Back in December, in response to a reported US request to install radars in Turkey, Foreign Minister Ahmet Davutoglu avoided making any firm statement on the report, noting, however, that NATO should first define the threat. “This is not an issue for NATO now. First, a definition of the threat against NATO members must be made. Then we can consider the issue in this light,” he said at the time, while also rejecting fears that Iran posed any threat to Turkey, saying that Ankara enjoys trust and good relations with all its neighbors.
In Ankara, Gates declined to say whether he’s looking to place naval vessels carrying Aegis radar devices in the Black Sea, a prospect that has prompted concern from Russian officials.
Gates, nonetheless, said he has sought to underscore the threat Iran poses to Turkey and other allies in his discussions with them.

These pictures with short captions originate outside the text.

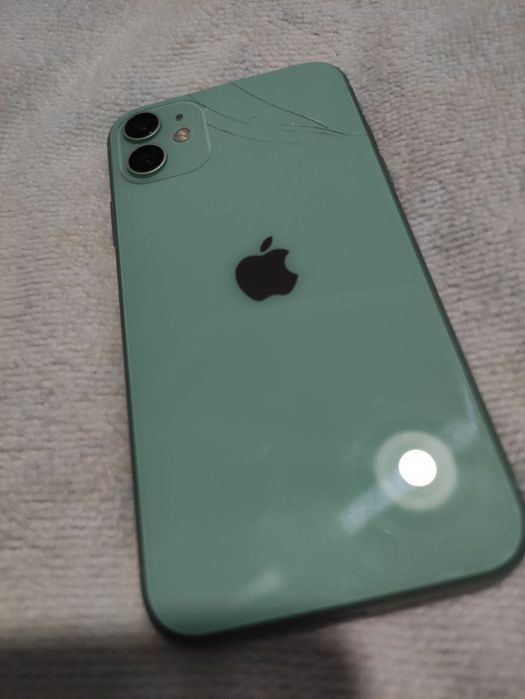 Продам iPhone 11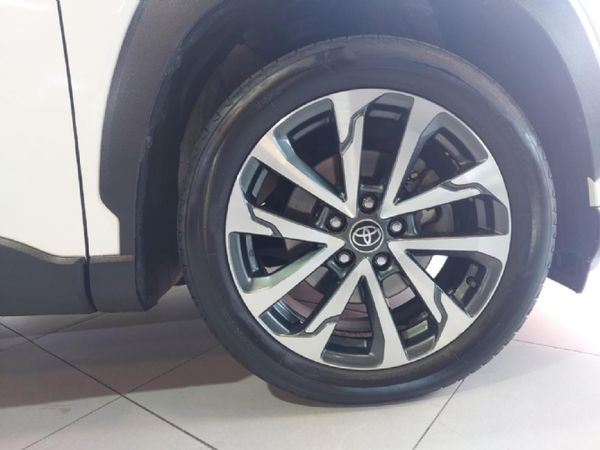 2023-Toyota-Corolla-Cross-18-XR-Hybrid image:16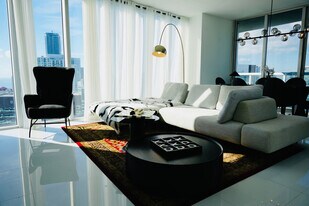 631 Brickell Ave in Miami, FL - Building Photo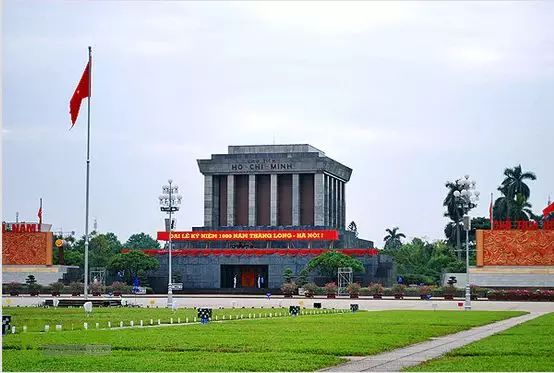 巴亭广场位于越南首都河内的市中心,是举行集会和节日活动的重要场所.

“Iran is the only country in the region that has publicly declared its intent to destroy another country in the region,” he said. If Iran proceeds with this program “unrestrained,” there is a “real danger of proliferation” that would destabilize region, he added.

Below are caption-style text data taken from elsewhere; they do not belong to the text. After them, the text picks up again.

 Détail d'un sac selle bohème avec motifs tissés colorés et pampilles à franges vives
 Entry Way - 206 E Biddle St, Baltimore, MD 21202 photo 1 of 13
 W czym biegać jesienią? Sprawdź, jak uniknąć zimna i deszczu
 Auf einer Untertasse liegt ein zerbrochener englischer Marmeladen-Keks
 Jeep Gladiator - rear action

Turkey has taken steps in the past years to improve its ties with neighboring Iran, stuck in an escalating standoff with the West over its nuclear program. Ankara says it is opposed to Iran acquiring nuclear weapons but also dismisses Western calls for sanctions or military measures against the Islamic regime.

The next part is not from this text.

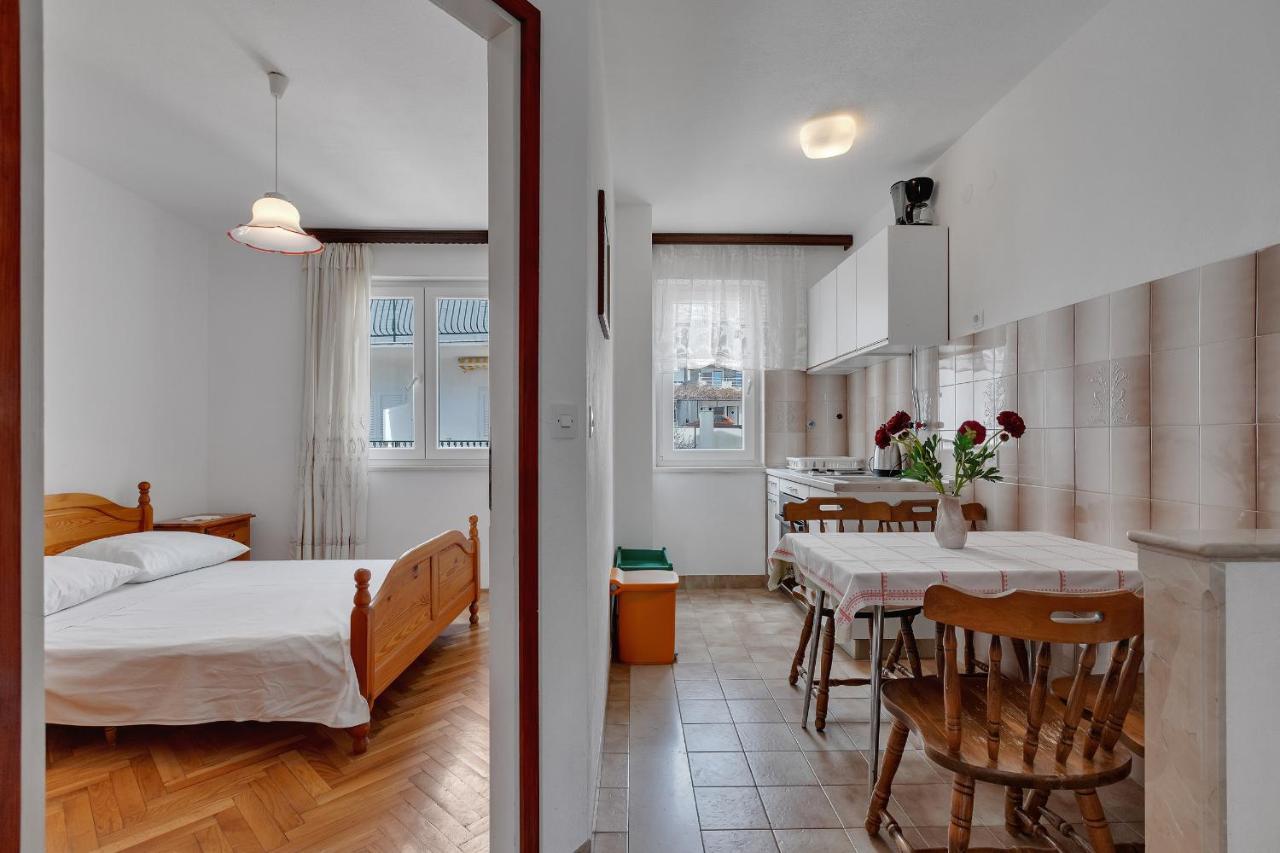 Apartments Tihomir Musac أوميس المظهر الخارجي الصورة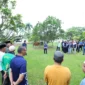 Bupati Wempi Serahkan Hewan Kurban Untuk Petugas Outsoucing di Lingkungan Pemda Malinau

When reminded of criticism that Turkey is shifting its axis from the Western camp, Gates said Turkey was in a unique position geographically and that its efforts in all fields must be received positively.
The ongoing cooperation between Turkey and the US against the Kurdistan Workers’ Party (PKK), which has bases in northern Iraq, was on the agenda of his talks in Ankara as well, Gates said, adding that the US is looking at what other capabilities it could provide to Turkey to aid its fight against the PKK.
A couple of years ago, the US began providing Turkey with intelligence, surveillance and reconnaissance capabilities.
“We have continued that,” and will “see if there are more capabilities we can share with Turkey in terms of taking on this threat,” Gates said, noting that Gen. Ray Odierno, the top US officer in Iraq, discussed an “action plan” on possible further assistance with Turkish officials when he visited Ankara earlier last week.